They got the story wrong. “40 Days and 40 Nights” is about a young guy who, after being dumped by the love of his life, swears to become celibate for the duration of the title. Soon, the women start coming after him, from all angles, and the film assumes that its everyman hero(Josh Hartnett) is irresistible to women, just because he’s a man, and a man stuck in the plot of a comedy. That’s really obnoxious. Wouldn’t it be a lot more interesting to watch a man who couldn’t get sex, because he was unattractive, psychologically damaged, something?
The guy’s name is Matt, a dot-comer, who’s devastated when his girlfriend(Vinessa Shaw) dumps him for a rich guy. He sinks into an empty abyss of one night sexual encounters which leads him to make his pledge. Predictably, he then meets the woman of his dreams(Shannyn Sossamon), the one woman he can’t say no to. There’s plenty of other woman too. In fact, it seems that the entire female population has taken action on Matt’s bet, and each of them will do anything to make him lose.
Is Josh Hartnett that sexy?
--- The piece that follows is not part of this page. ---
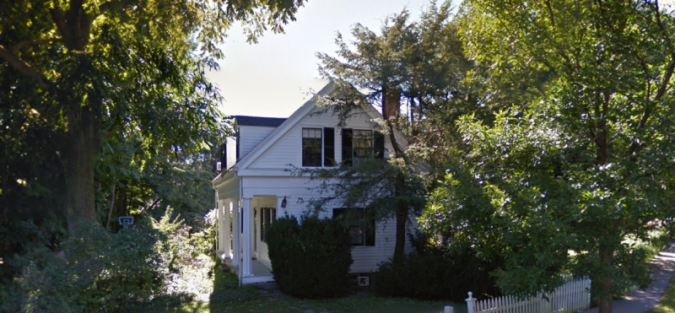 M. E. Frost House at 340 Lake Street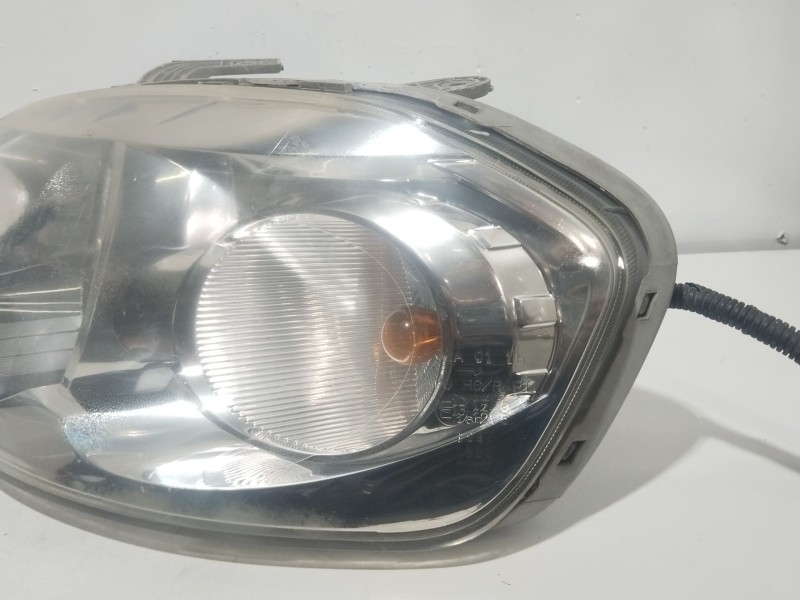 Recambio de faro izquierdo para chevrolet aveo / kalos sedán (t200) 1.4 referencia OEM IAM 96650521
I have no idea, but there’s nothing in the character of Matt to suggest why he would be the object of so many women’s affections? Hartnett’s a very cold actor, which is fine when put into the right role, but I’m not sure that romantic comedy is the right part for him, like in the way that Christopher Walken’s a cold actor. In “Black Hawk Down” and “O,” Hartnett’s cultivated a shy, hillbilly persona that doesn’t seem aggressive enough to be a womanizer. I’m more apt to blame the “40 Days and 40 Nights” script however. Matt’s a drip.
This film would’ve been a lot funnier if the filmmaker’s had shown the slightest bit of imagination in terms of the plot’s comic possibilities. Example: What if Matt’s friends, all of whom are betting on whether or not he can make it or not, started paying women to try and seduce Matt, or set up emotional obstacles for him that drove him to the brink of madness? The film barely even scratches the surface of what it’s trying to be about. Instead, the supporting characters kind of treat Matt as a freak.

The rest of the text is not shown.